You heard it here first: Mavs point guard Devin Harris' quad injury is worse -- waaaay worse -- than anybody from the Mavs is willing to admit in public. Waaaay worse. There will be an MRI on Monday, and maybe the private concerns will be quieted by good news. But brace yourself for the sort of injury-related monkey wrench that completely alters Dallas' playoff rotation plans.
Oh, and before you dimiss Harris as "just the backup PG'' (I actually heard somebody on the radio suggest Devin is equivalent to a "long-snapper'' in football), consider the way the Mavs rotation was to work.
Dirk is. ... well, everything. But after him on the totem pole come seven or eight similarly important people.

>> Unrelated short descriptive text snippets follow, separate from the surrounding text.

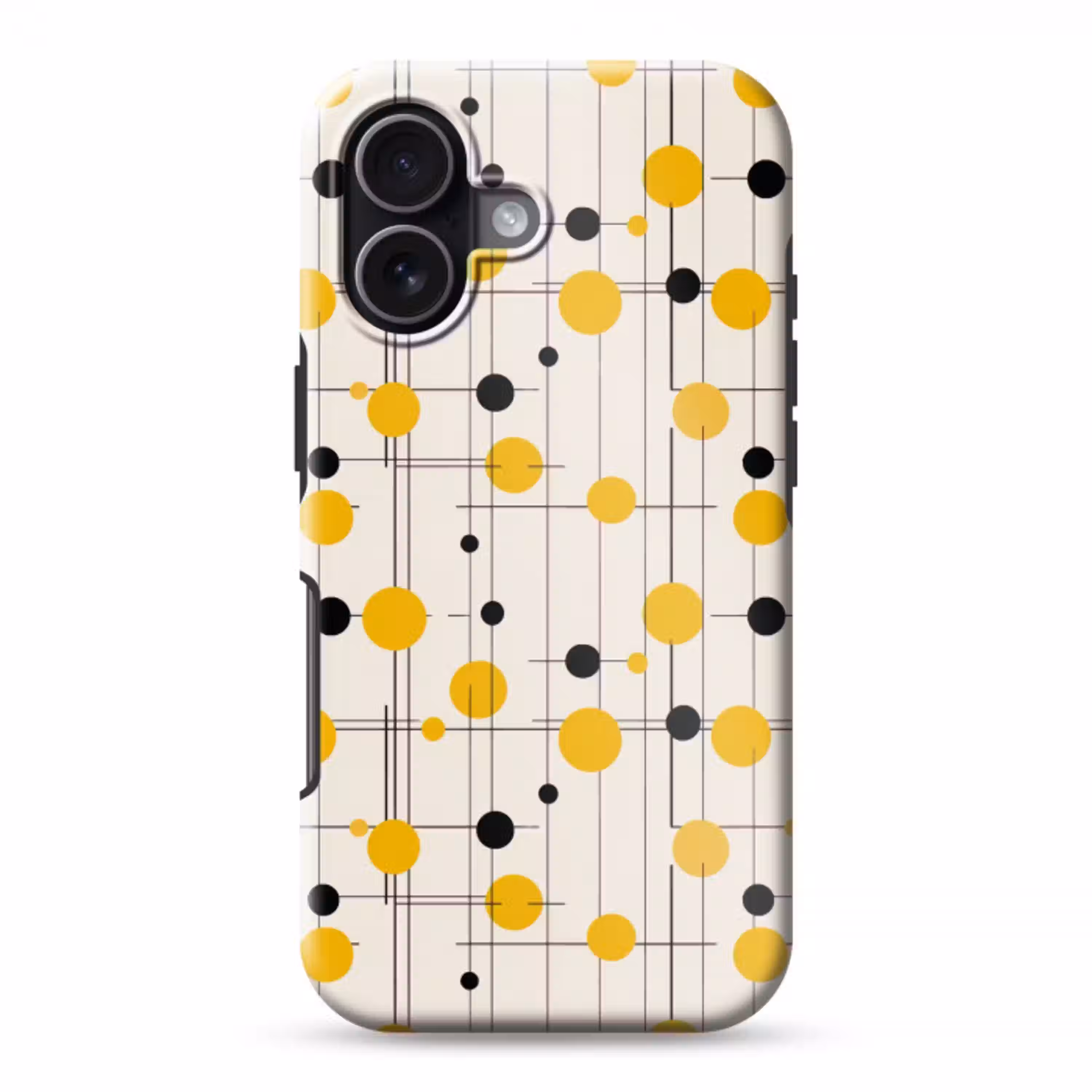 Geometrisch - Retro - Lijnen - Okergeel - Zwart Toughcase MagSafe Apple iPhone 17 klein 1017 -3d
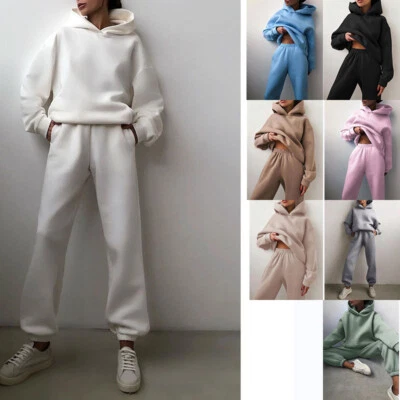 Femme Manches Longues Pull Ensemble SPORTS Pantalon Survêtement à Capuche Casual - Photo 1/4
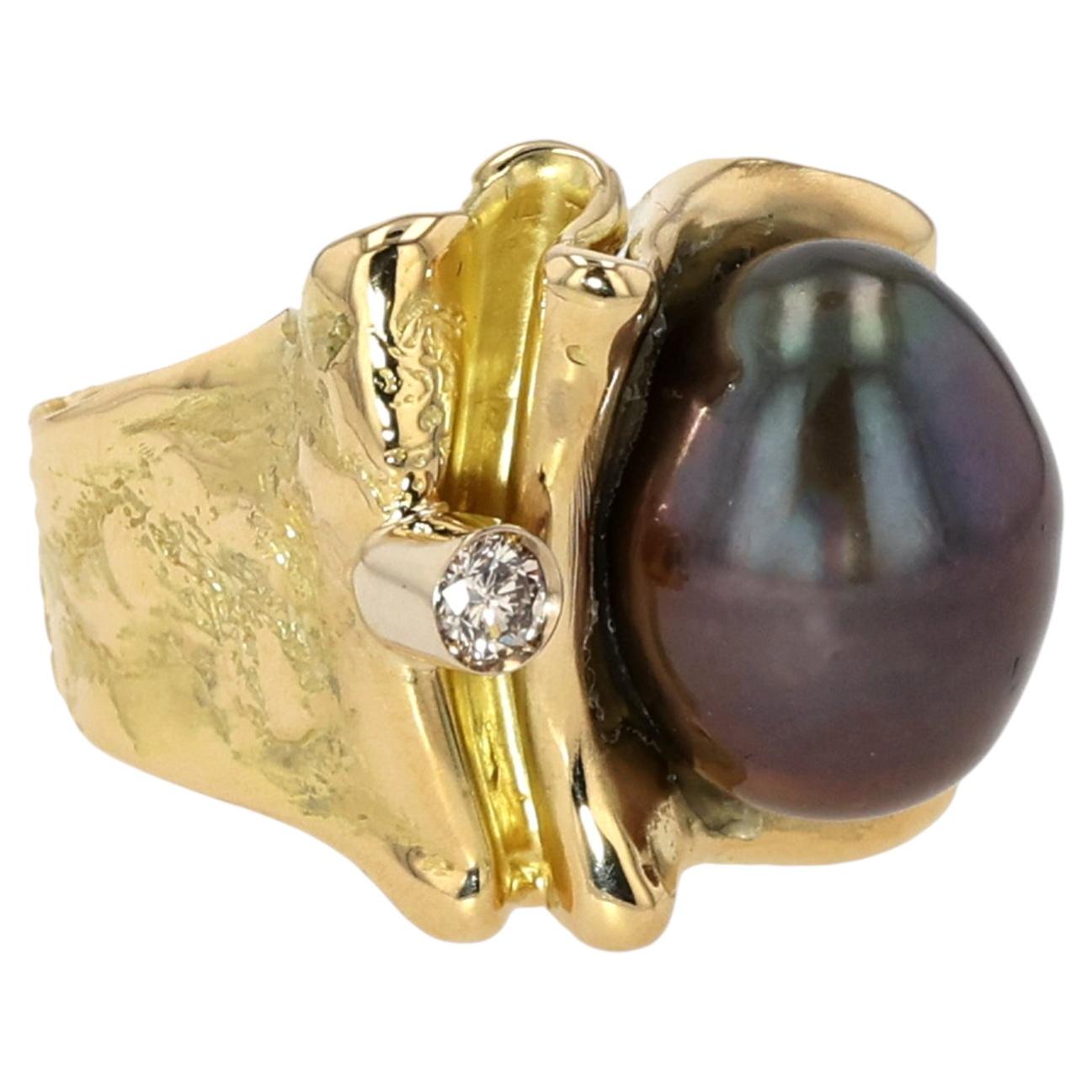 Misani 18K Yellow Gold Tahitian Pearl & Diamond Ring  Luxury Designer Pearl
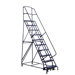 GSW Series Steel Rolling Warehouse Ladder w/ Handrails - 11' 10-1/2" steel rolling whse ladder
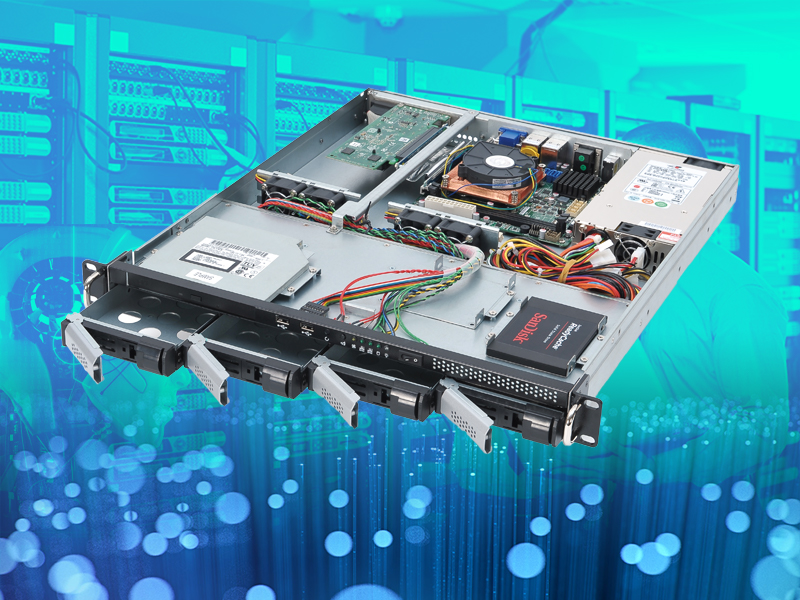 1U rackmount chassis with four HDD mobile racks for Mini-ITX motherboards 3 1U rackmount chassis with four HDD mobile racks for Mini-ITX motherboards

Now, if a certain cog goes out, maybe a replacement cog doesn't represent too steep a drop. But the drop from Devin to Darrell Armstrong? It is significant.
And there goes a PG who can defend other PGs (something Jason Terry can't boast as a specialty). And there goes a drive-and-dish creator, a fearless finisher, a speedball energizer, a pick-and-roll attacker. ... Want to upgrade the running game? Pair Devin and Terry together, and dare an opponent like the Spurs to counter that quickness. A little patience, a little luck, some good health and a game or two of outplaying Tony Parker and Devin Harris becomes a star.
No, this would be a big loss. A very big loss.
If Harris is unavailable for any length of time for the postseason, Marquis Daniels could slide over, keeping DA from getting overexposed. 'Quis played only five minutes in Sunday's win over visiting Utah after tweaking his hammy -- but he was all smiles after the game, insisting he'd be fine. "Precautionary,'' he called it.
That same word -- "precautionary'' -- is being used by some to explain why Devin sat out Sunday, and why, in the second half, he disappeared from the bench. All this after an initial plan to follow up his cameo in Phoenix in the last game with 15 or so minutes here.
"You're concerned any time a guy is injured and you have a timetable and are not able to hit those kind of goals," coach Avery Johnson said, refusing to go so far as to call Devin's injury situation a "setback.''
It's a "concern.'' It's not a "setback.'' It's a "precaution.'' Play all the semantic games you want -- and, speaking of games, I say you best cross your fingers that Devin is able to play any first-round playoff games at all.